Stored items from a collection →
○ ○ ○ ○

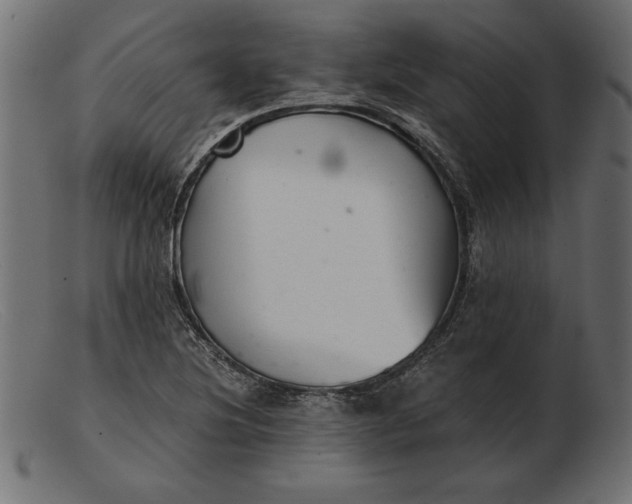 X0000103221220200809111501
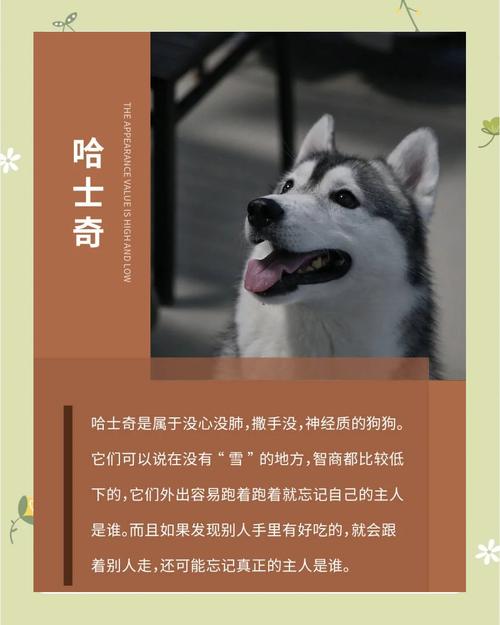 不建议养的10种狗：它们真的不适合你？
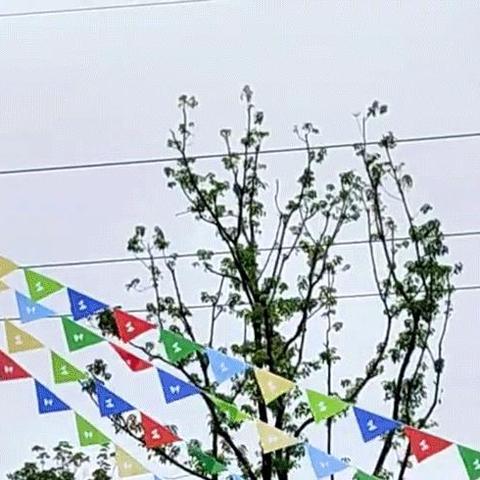 河南南阳口碑怎么样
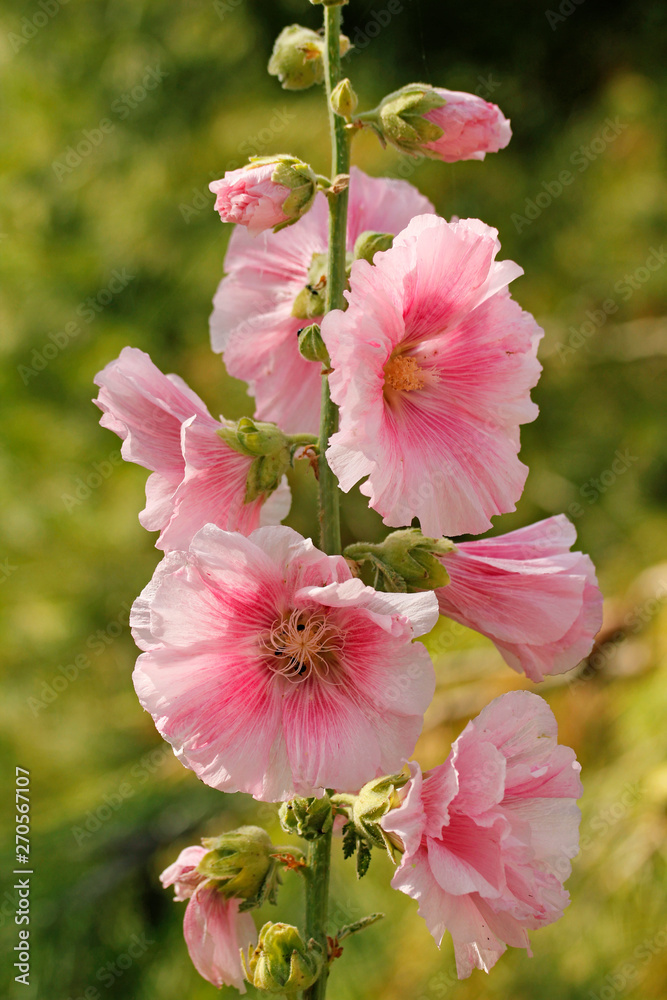 Obraz premium Hollyhock (Althaea rosea)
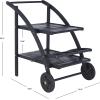 Safavieh Outdoor Living Collection Lodi Tea Cart(Black)
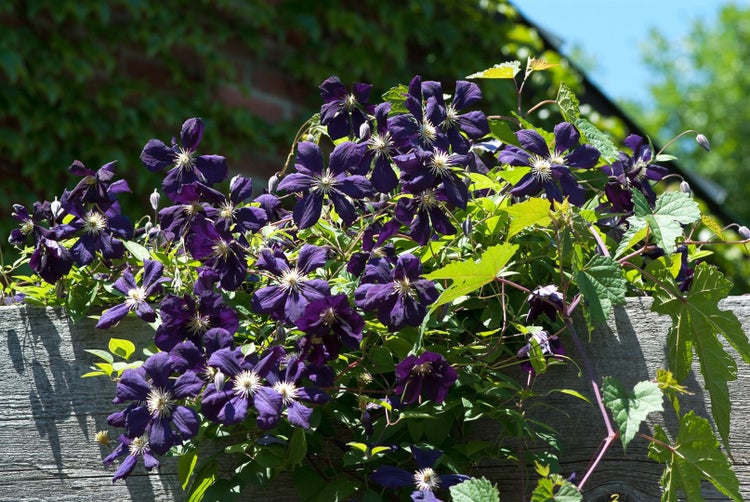Clematis viticella 'Blue Belle', Waldrebe, blau, 60–100 cm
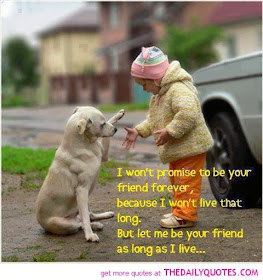  animal, dog, cat, pet, animal, inspiring quotes for animal lovers, petsnmore.org, child,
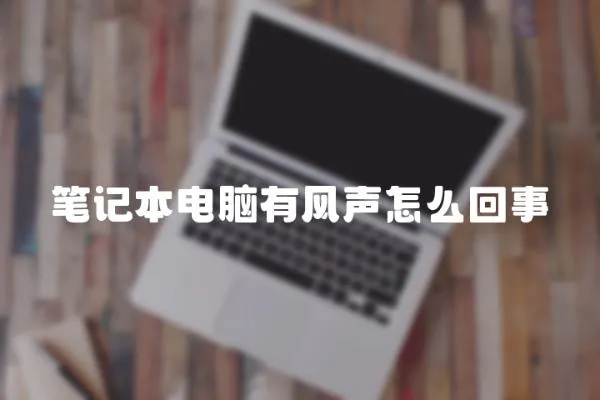筆記本電腦有風聲怎么回事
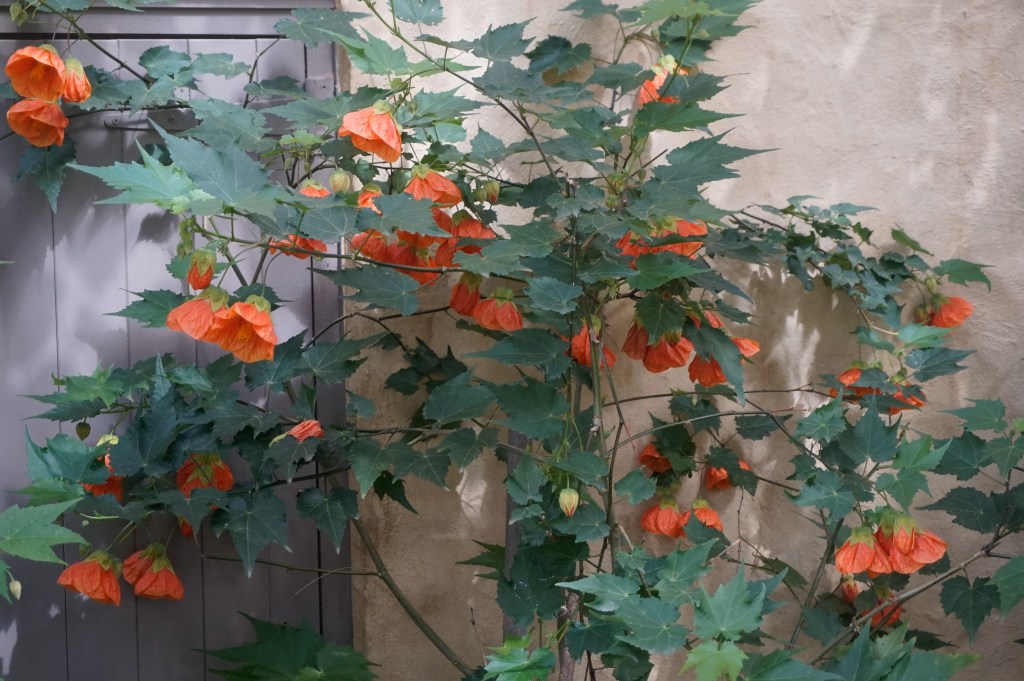 Abutilon - Orange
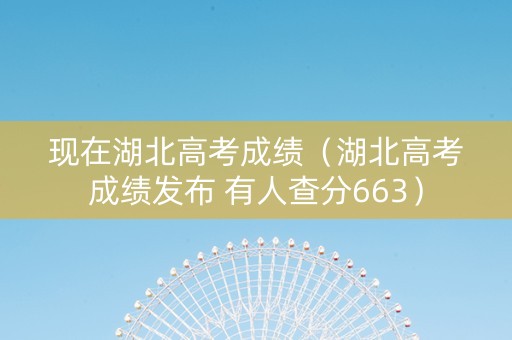 现在湖北高考成绩（湖北高考成绩发布 有人查分663）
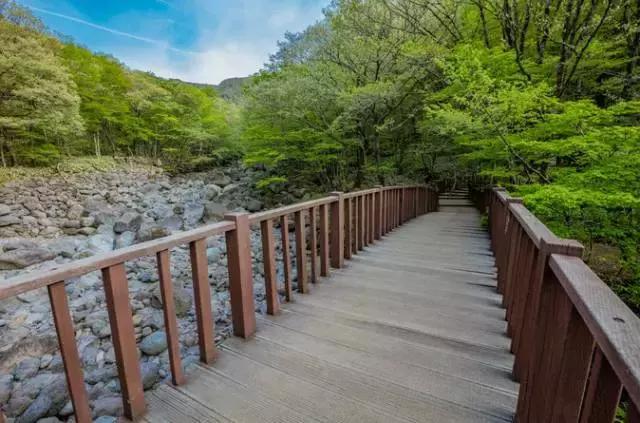 济州岛对中国一直免签吗,济州岛是对全球免签的吗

○ ○ ○ ○

Aim of the task →
Your task is to write out, exactly and without pictures, only the lines from the one holding "Abutilon - Orange" to the last line of the data.

Task output →
 Abutilon - Orange
 现在湖北高考成绩（湖北高考成绩发布 有人查分663）
 济州岛对中国一直免签吗,济州岛是对全球免签的吗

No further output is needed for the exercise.